*Task details:*
Below are the records; restate word for word the lines from the first through the one containing "Applsci 12 10871 g007", and only those.

====== Records for this task

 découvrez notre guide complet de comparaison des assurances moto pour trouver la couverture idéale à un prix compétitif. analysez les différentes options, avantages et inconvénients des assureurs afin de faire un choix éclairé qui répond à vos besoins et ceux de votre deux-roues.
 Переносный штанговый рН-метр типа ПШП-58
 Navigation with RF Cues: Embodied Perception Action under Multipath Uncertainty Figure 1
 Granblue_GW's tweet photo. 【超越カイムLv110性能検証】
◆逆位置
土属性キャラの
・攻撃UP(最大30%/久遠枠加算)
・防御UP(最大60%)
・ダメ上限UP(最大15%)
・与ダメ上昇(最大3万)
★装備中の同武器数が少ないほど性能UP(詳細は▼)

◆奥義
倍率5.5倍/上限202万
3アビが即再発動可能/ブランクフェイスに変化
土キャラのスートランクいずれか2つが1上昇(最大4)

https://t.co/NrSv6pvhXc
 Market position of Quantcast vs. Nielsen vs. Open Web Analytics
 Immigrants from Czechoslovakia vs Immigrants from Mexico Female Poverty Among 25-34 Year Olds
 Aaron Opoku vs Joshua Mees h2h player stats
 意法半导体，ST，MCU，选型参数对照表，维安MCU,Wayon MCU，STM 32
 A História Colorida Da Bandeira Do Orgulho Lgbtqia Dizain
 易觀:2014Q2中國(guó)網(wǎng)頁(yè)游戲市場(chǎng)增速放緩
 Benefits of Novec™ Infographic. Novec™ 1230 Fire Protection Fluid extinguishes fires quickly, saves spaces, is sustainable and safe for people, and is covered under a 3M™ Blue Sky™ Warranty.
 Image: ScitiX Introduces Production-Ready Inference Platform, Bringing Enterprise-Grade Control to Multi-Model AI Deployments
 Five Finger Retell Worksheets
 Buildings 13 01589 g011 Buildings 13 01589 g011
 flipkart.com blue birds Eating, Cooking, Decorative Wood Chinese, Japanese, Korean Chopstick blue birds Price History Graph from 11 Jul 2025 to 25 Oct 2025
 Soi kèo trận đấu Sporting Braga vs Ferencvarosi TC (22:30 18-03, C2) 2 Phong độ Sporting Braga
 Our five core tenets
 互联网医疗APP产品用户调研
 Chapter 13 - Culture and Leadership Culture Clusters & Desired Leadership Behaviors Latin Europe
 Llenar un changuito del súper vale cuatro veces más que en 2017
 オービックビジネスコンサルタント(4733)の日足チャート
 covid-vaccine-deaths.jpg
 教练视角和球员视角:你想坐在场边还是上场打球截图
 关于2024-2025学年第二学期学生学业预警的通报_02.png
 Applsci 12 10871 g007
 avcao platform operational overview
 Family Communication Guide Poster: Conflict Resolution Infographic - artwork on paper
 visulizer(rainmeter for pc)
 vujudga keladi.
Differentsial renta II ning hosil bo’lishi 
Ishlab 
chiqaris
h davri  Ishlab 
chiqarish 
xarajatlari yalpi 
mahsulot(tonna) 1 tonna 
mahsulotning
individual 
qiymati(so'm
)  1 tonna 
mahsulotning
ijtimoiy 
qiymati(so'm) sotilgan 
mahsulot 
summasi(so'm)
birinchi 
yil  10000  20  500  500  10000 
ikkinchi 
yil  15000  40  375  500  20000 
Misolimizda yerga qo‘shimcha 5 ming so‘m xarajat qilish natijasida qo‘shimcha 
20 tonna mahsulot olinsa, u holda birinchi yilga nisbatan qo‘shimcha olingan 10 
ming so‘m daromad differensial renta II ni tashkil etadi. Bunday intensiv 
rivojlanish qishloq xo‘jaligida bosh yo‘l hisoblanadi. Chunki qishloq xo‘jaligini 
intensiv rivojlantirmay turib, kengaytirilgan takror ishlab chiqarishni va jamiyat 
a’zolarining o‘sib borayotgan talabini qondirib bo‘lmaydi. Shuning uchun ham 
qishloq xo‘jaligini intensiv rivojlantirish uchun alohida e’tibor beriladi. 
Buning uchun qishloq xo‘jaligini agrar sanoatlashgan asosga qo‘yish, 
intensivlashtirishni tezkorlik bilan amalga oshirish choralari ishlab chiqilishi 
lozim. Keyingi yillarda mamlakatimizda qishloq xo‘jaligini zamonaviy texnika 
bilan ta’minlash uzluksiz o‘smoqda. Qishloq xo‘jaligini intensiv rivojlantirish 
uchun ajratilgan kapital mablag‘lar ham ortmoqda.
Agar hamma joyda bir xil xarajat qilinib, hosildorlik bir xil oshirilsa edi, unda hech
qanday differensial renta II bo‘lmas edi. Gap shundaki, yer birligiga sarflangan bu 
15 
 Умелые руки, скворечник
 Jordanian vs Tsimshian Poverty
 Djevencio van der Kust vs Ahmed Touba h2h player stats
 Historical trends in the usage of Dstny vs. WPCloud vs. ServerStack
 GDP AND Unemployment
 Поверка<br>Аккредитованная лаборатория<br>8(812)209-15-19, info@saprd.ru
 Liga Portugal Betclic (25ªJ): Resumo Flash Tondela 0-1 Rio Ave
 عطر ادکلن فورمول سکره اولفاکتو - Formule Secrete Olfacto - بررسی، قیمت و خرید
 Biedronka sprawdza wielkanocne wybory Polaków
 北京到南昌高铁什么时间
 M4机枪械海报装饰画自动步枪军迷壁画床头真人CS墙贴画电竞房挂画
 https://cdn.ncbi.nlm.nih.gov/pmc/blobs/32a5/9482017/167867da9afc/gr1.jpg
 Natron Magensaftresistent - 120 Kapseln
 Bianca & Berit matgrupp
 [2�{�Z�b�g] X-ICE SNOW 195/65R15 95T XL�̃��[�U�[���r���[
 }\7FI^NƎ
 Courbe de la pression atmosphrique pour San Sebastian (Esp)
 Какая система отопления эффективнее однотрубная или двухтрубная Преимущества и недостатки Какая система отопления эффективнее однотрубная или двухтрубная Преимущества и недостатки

============

*Result below:*
 découvrez notre guide complet de comparaison des assurances moto pour trouver la couverture idéale à un prix compétitif. analysez les différentes options, avantages et inconvénients des assureurs afin de faire un choix éclairé qui répond à vos besoins et ceux de votre deux-roues.
 Переносный штанговый рН-метр типа ПШП-58
 Navigation with RF Cues: Embodied Perception Action under Multipath Uncertainty Figure 1
 Granblue_GW's tweet photo. 【超越カイムLv110性能検証】
◆逆位置
土属性キャラの
・攻撃UP(最大30%/久遠枠加算)
・防御UP(最大60%)
・ダメ上限UP(最大15%)
・与ダメ上昇(最大3万)
★装備中の同武器数が少ないほど性能UP(詳細は▼)

◆奥義
倍率5.5倍/上限202万
3アビが即再発動可能/ブランクフェイスに変化
土キャラのスートランクいずれか2つが1上昇(最大4)

https://t.co/NrSv6pvhXc
 Market position of Quantcast vs. Nielsen vs. Open Web Analytics
 Immigrants from Czechoslovakia vs Immigrants from Mexico Female Poverty Among 25-34 Year Olds
 Aaron Opoku vs Joshua Mees h2h player stats
 意法半导体，ST，MCU，选型参数对照表，维安MCU,Wayon MCU，STM 32
 A História Colorida Da Bandeira Do Orgulho Lgbtqia Dizain
 易觀:2014Q2中國(guó)網(wǎng)頁(yè)游戲市場(chǎng)增速放緩
 Benefits of Novec™ Infographic. Novec™ 1230 Fire Protection Fluid extinguishes fires quickly, saves spaces, is sustainable and safe for people, and is covered under a 3M™ Blue Sky™ Warranty.
 Image: ScitiX Introduces Production-Ready Inference Platform, Bringing Enterprise-Grade Control to Multi-Model AI Deployments
 Five Finger Retell Worksheets
 Buildings 13 01589 g011 Buildings 13 01589 g011
 flipkart.com blue birds Eating, Cooking, Decorative Wood Chinese, Japanese, Korean Chopstick blue birds Price History Graph from 11 Jul 2025 to 25 Oct 2025
 Soi kèo trận đấu Sporting Braga vs Ferencvarosi TC (22:30 18-03, C2) 2 Phong độ Sporting Braga
 Our five core tenets
 互联网医疗APP产品用户调研
 Chapter 13 - Culture and Leadership Culture Clusters & Desired Leadership Behaviors Latin Europe
 Llenar un changuito del súper vale cuatro veces más que en 2017
 オービックビジネスコンサルタント(4733)の日足チャート
 covid-vaccine-deaths.jpg
 教练视角和球员视角:你想坐在场边还是上场打球截图
 关于2024-2025学年第二学期学生学业预警的通报_02.png
 Applsci 12 10871 g007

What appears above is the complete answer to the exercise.